O consultor estima crescimento de 1,9% na área plantada com soja no Brasil em 2025/26, que deve atingir 48,6 milhões de hectares nesta safra. Ele ressalta que o incremento da área deverá se consolidar em Estados como Maranhão e Piauí, e ainda no Norte do Brasil, em Rondônia e Acre.
Insumos são termômetro da nova safra
A maior cautela dos produtores se observa no ritmo de encomendas de insumos. “O produtor está mais lento nas compras. Estimamos que deve ter redução do uso de tecnologia em função dos custos e dos preços das commodities.”, diz Paulo Pinto, presidente da Associação Brasileiras de Sementes de Mudas (Abrasem). Ele estima que deve haver um incremento na área plantada de soja de 1% a 1,5%.
“Por conta dos juros altos do Plano Safra, a busca por crédito de custeio está mais lenta e isso tem dificultado para o produtor fechar as compras”, diz Pinto.
De acordo com levantamento da Céleres encomendado pela Associação Brasileira de Semente de Soja (Abrass), em julho, as negociações de sementes somavam 94% da área prevista para ser plantada na região do Cerrado — um ano antes estava em 98%. Na região do Matopiba, que reúne Maranhão, Tocantins, Piauí e Bahia, as vendas chegavam a 81% da área a ser plantada, ante 84% em junho de 2024. No Sul, o índice era de 72%, contra 75% um ano antes. A média no Brasil, no entanto, apresenta taxa de 85%, ante 82% em julho de 2024.
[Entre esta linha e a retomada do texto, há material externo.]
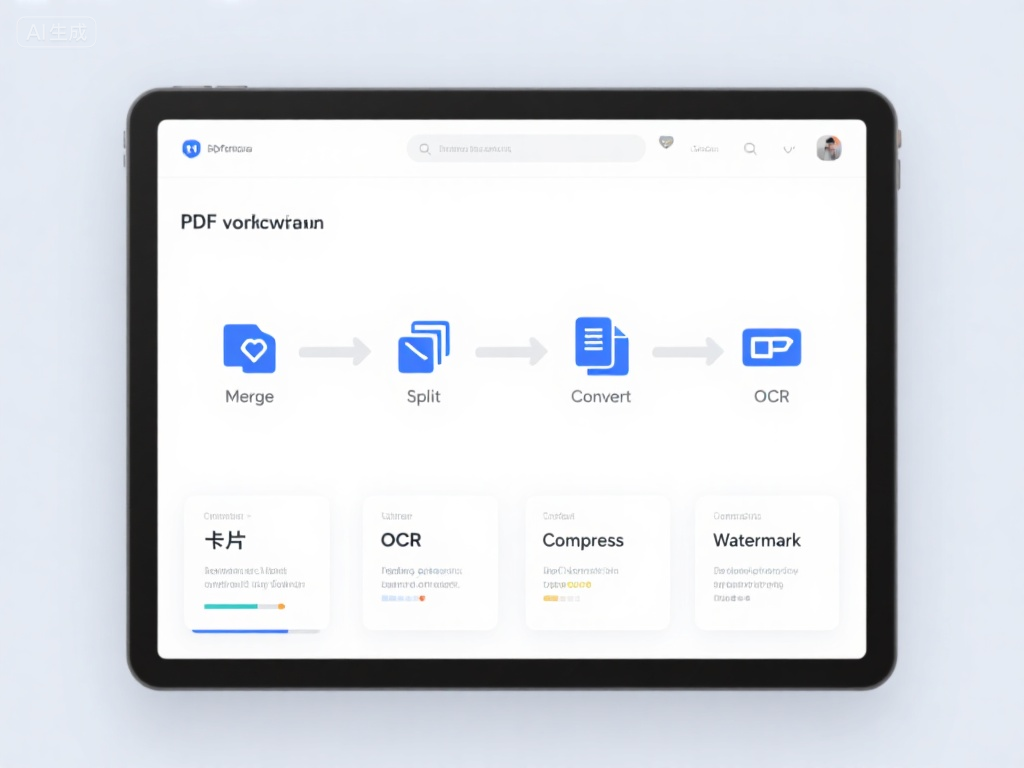 PDF 处理工作流程图
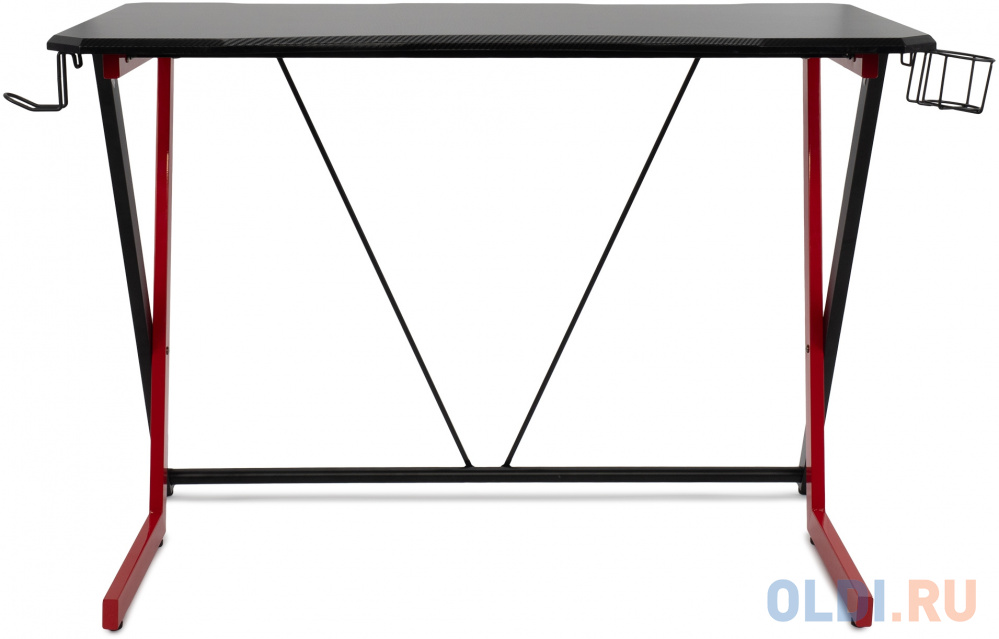 Стол игровой Оклик 521G столешница МДФ черный каркас красный 110х60см в Москвe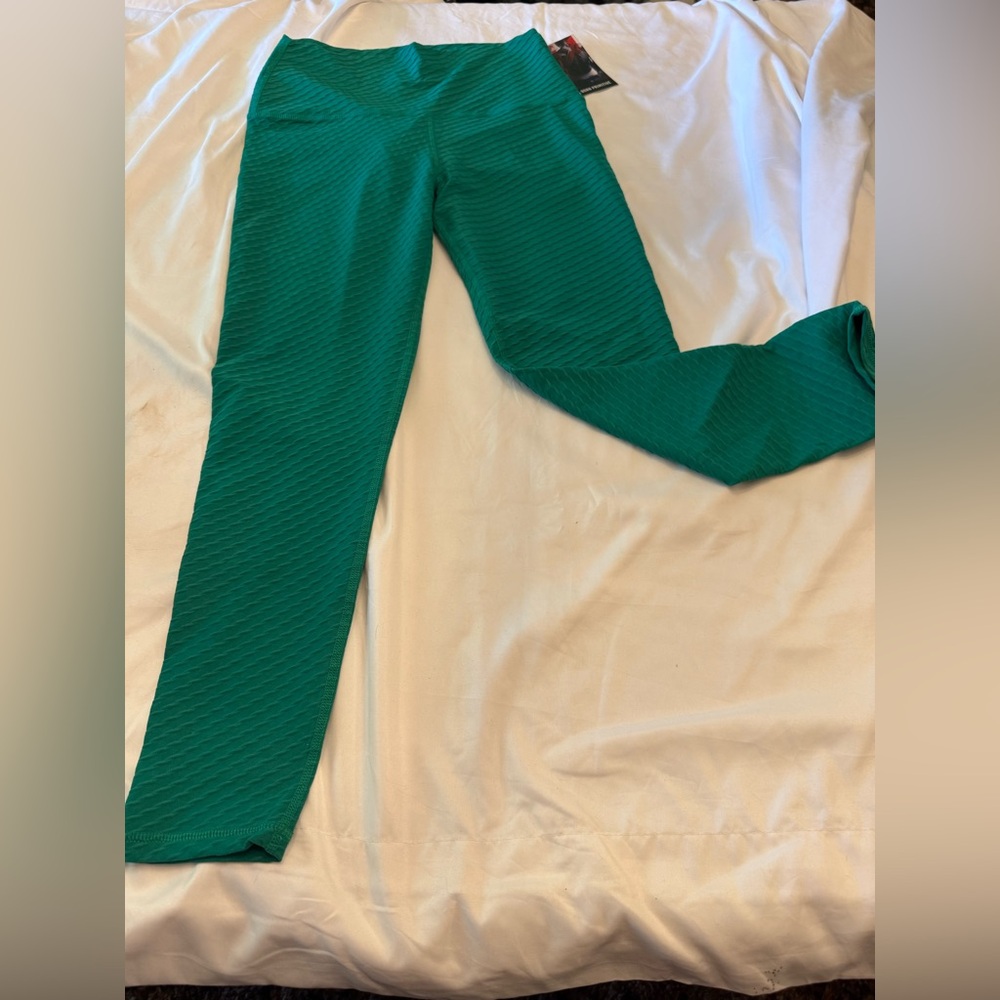 Born Primitive Teal Green Textured Leggings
O Grupo Don Mario (GDM), líder no mercado de germoplasma com 80% de participação, trabalha com expectativa de aumento na área plantada de soja no Brasil entre 500 mil e 1 milhão de hectares na safra 2025/26. “Estimamos que cerca de 90% da comercialização esteja concluída no Brasil, com destaque para Paraná e Rio Grande do Sul, onde há um percentual maior negociado”, diz Julio César Poletto, líder de negócios soja e trigo da GDM.
Marino Colpo, CEO e co-fundador da Boa Safra Sementes, afirma que os produtores têm buscado sementes de maior produtividade. “Tem crescido muito a nossa venda de novas cultivares e a tendência é que continuem em expansão”, diz Colpo.
Ele estima que a área plantada de soja no Brasil crescerá entre 1,5% e 2%. “Pelas conversas que temos com os produtores, o crescimento vai ser menor por causa do custo de capital mais alto”, diz Colpo.
Renato Gomides, gerente-executivo da CropLife Brasil, associação que reúne os fabricantes de agroquímicos, diz ver aumento das negociações no Cerrado e Matopiba, em relação ao ano passado. “De forma geral, o mercado está um pouco melhor que na safra anterior, mas existe mais planejamento e muita racionalidade”, diz o executivo.